═══ DATASET ENTRIES ═══

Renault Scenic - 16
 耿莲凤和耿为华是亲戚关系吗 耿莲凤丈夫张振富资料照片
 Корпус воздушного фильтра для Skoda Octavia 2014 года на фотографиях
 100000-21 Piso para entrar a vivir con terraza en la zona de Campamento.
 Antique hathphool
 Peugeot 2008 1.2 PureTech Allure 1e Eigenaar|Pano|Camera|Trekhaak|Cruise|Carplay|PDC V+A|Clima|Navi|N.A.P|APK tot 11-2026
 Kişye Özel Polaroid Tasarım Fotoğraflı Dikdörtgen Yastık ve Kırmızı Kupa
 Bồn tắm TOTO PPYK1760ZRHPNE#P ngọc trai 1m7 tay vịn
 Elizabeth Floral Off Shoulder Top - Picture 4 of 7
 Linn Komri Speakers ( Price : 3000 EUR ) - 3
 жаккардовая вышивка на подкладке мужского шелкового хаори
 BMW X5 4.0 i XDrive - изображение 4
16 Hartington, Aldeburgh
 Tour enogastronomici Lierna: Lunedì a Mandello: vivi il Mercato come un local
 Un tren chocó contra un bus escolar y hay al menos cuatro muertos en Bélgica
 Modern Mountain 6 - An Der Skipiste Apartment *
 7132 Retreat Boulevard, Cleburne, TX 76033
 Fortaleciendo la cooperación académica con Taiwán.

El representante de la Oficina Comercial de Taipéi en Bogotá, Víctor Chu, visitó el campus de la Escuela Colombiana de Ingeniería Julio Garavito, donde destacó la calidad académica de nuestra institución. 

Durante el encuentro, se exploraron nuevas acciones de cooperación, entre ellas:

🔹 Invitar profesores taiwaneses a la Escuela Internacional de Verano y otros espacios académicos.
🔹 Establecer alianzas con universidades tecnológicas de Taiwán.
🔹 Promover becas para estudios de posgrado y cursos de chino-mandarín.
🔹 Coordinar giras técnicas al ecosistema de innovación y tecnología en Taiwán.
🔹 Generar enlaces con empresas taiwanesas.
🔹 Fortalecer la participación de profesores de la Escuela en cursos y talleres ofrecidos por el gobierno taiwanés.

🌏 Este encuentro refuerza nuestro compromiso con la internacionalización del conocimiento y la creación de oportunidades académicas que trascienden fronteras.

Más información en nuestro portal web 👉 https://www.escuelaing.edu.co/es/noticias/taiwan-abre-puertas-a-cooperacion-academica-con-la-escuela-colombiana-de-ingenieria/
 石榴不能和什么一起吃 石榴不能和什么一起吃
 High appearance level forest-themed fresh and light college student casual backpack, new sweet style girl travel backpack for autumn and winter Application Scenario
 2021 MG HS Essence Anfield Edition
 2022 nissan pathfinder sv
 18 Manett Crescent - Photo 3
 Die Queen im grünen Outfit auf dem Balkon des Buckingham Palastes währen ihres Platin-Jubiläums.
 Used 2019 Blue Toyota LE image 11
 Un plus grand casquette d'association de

═══

**WORK ORDER:**
All that should be written out is the stretch of lines above between the one holding "Tour enogastronomici Lierna: Lunedì" and the one holding "Fortaleciendo la cooperación", inclusive, exactly as given.

**ANSWER TO THIS PROBLEM:**
 Tour enogastronomici Lierna: Lunedì a Mandello: vivi il Mercato come un local
 Un tren chocó contra un bus escolar y hay al menos cuatro muertos en Bélgica
 Modern Mountain 6 - An Der Skipiste Apartment *
 7132 Retreat Boulevard, Cleburne, TX 76033
 Fortaleciendo la cooperación académica con Taiwán.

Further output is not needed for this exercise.